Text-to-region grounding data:
**********

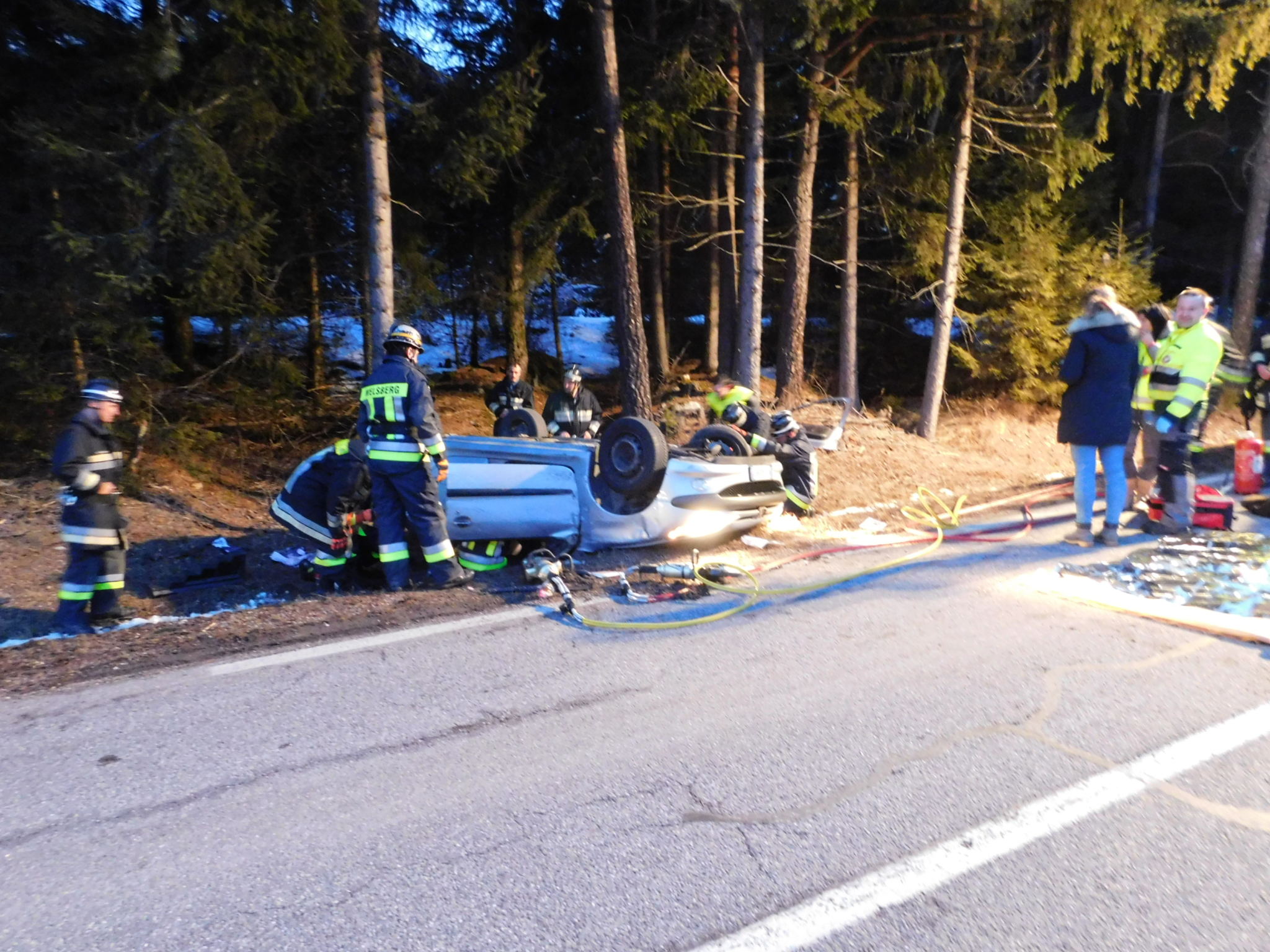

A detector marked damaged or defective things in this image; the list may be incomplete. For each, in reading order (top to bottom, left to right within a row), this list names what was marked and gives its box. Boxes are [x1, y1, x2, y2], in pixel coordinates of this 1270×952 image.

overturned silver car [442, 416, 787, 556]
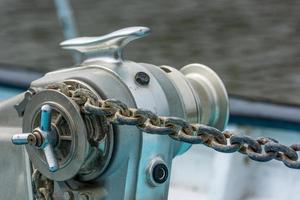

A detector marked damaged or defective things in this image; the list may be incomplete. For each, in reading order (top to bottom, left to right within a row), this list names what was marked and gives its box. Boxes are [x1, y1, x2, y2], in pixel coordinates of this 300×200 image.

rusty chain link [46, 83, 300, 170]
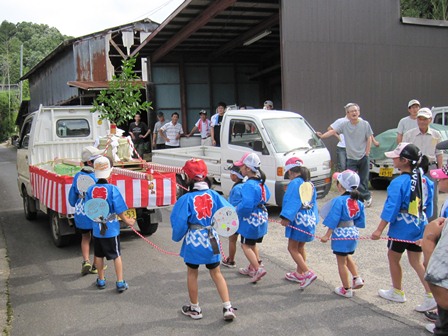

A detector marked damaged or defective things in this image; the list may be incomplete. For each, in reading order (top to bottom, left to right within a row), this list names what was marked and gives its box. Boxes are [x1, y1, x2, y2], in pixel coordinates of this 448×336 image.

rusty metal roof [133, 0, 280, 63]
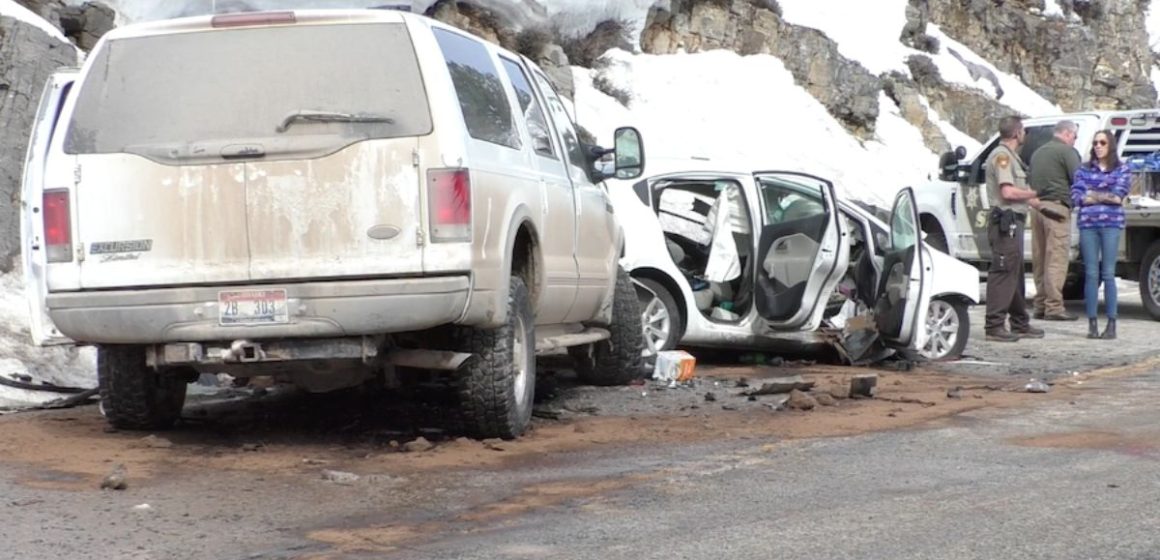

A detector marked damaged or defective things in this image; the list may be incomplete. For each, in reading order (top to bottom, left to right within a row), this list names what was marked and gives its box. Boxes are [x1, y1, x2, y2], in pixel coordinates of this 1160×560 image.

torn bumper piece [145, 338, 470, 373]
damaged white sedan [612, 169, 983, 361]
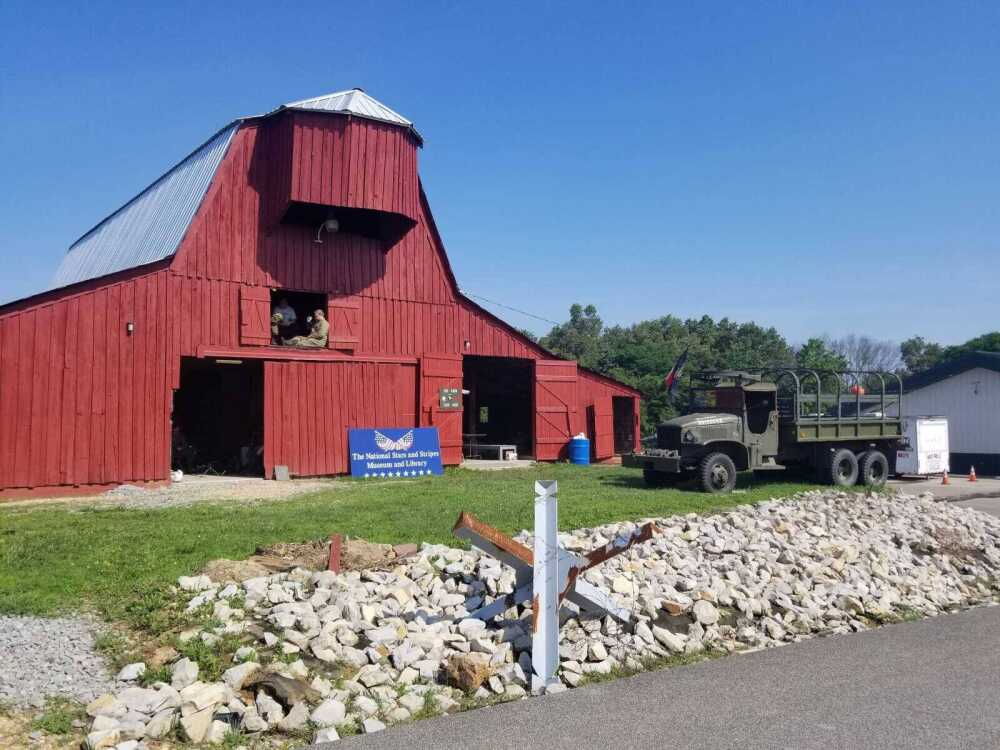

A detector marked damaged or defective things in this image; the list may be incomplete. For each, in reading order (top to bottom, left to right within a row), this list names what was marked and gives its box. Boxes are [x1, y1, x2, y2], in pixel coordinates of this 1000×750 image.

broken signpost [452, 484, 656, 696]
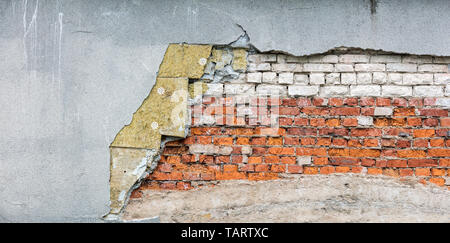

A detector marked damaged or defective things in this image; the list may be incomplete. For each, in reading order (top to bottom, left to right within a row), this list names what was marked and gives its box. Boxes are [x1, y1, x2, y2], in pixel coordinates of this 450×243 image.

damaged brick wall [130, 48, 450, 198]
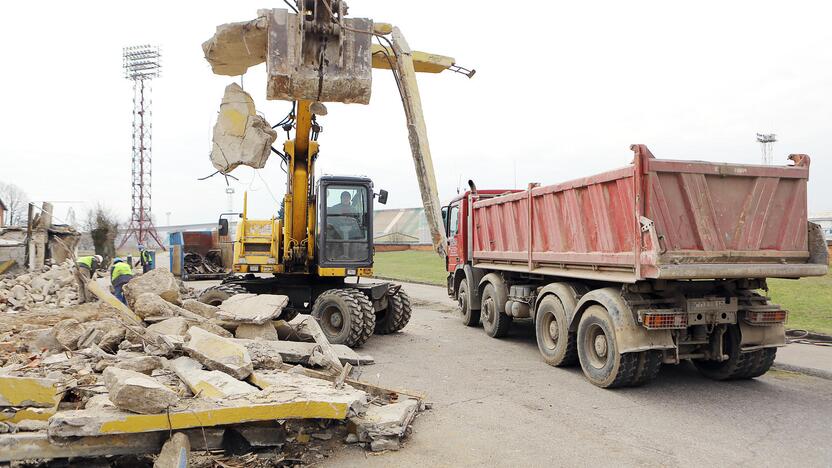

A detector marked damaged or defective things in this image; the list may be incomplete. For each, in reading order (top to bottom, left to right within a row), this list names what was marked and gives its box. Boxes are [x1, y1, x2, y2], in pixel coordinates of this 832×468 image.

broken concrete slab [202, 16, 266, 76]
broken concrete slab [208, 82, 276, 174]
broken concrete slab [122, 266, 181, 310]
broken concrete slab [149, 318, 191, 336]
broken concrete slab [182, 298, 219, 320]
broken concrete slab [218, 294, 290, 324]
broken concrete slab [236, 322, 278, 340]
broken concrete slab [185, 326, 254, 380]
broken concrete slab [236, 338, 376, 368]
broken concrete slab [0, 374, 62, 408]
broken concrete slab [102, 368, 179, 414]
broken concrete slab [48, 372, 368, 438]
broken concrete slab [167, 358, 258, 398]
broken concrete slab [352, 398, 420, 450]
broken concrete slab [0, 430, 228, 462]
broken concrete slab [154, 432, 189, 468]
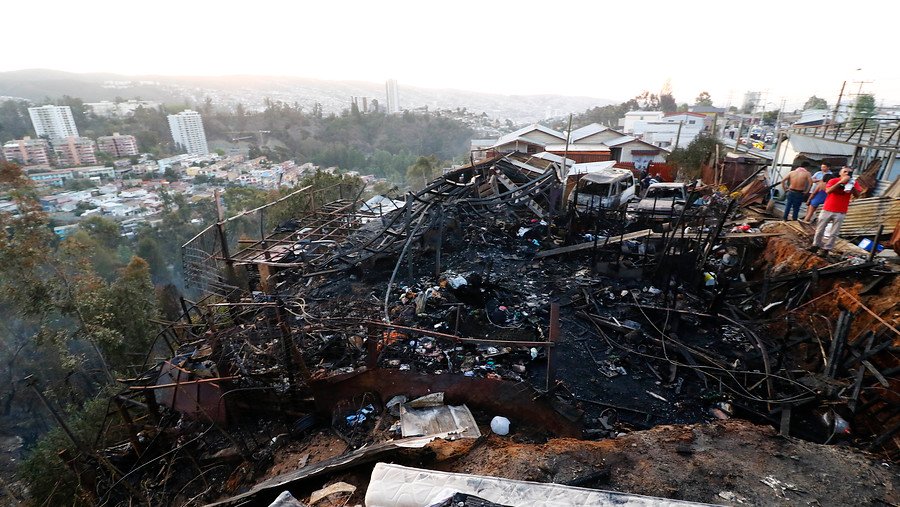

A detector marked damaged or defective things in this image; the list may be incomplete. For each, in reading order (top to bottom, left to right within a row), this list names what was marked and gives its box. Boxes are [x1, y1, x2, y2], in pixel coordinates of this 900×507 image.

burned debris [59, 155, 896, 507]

**********

* **Your assignment**:
Each entry above should be copied exactly. The pictures should not.

* **Written solution**:
A detector marked damaged or defective things in this image; the list may be incomplete. For each, in reading order (top to bottom, left to right within a row), this list names what was marked and gives its box. Boxes are [x1, y1, x2, y2], in pixel coordinates of this 1270×952 image.

overturned silver car [442, 416, 787, 556]

A detector marked damaged or defective things in this image; the list may be incomplete. For each, in reading order (top to bottom, left to right within a row), this list names what was marked and gives its box. Boxes are [x1, y1, x2, y2], in pixel coordinates of this 300×200 image.

rusty chain link [46, 83, 300, 170]

A detector marked damaged or defective things in this image; the list may be incomplete. For each, in reading order (top to bottom, left to right within a row), this list names what was marked and gives its box. Boxes are [x1, y1, x2, y2], in pixel coordinates of this 448×336 image.

rusty metal roof [133, 0, 280, 63]

A detector marked damaged or defective things in this image; the list may be incomplete. For each, in reading order (top to bottom, left to right within a row), this list names what was marked and gives its box. Boxes are [x1, y1, x2, y2], in pixel coordinates of this 1160×560 image.

torn bumper piece [145, 338, 470, 373]
damaged white sedan [612, 169, 983, 361]

A detector marked damaged or defective things in this image; the list may be incomplete. For each, in reading order (top to bottom, left to right within a row), this list names what was marked and gives its box. Boxes are [x1, y1, x2, y2], in pixel coordinates of this 1000×750 image.

broken signpost [452, 484, 656, 696]

A detector marked damaged or defective things in this image; the list may be incomplete. For each, in reading order (top to bottom, left to right within a row), this list names what was marked and gives its box. Boxes are [x1, y1, x2, y2], in pixel coordinates of this 450×243 image.

damaged brick wall [130, 48, 450, 198]

A detector marked damaged or defective things in this image; the list may be incomplete. For each, in reading order (top to bottom, left to right within a row), this list names what was marked and gives its box. Boxes are [x1, y1, x2, y2], in pixel coordinates of this 832×468 image.

broken concrete slab [202, 16, 266, 76]
broken concrete slab [208, 82, 276, 174]
broken concrete slab [122, 266, 181, 310]
broken concrete slab [149, 318, 191, 336]
broken concrete slab [182, 298, 219, 320]
broken concrete slab [218, 294, 290, 324]
broken concrete slab [236, 322, 278, 340]
broken concrete slab [185, 326, 254, 380]
broken concrete slab [236, 338, 376, 368]
broken concrete slab [0, 374, 62, 408]
broken concrete slab [102, 368, 179, 414]
broken concrete slab [48, 372, 368, 438]
broken concrete slab [167, 358, 258, 398]
broken concrete slab [352, 398, 420, 450]
broken concrete slab [0, 430, 228, 462]
broken concrete slab [154, 432, 189, 468]

A detector marked damaged or defective things in this image; the list may be incomplete. For each, in reading order (top to bottom, left to right within a row), this list names what was marked and gives its box. Boxes are [x1, y1, x2, y2], in pixel coordinates of this 900×507 image.

burned debris [59, 155, 896, 507]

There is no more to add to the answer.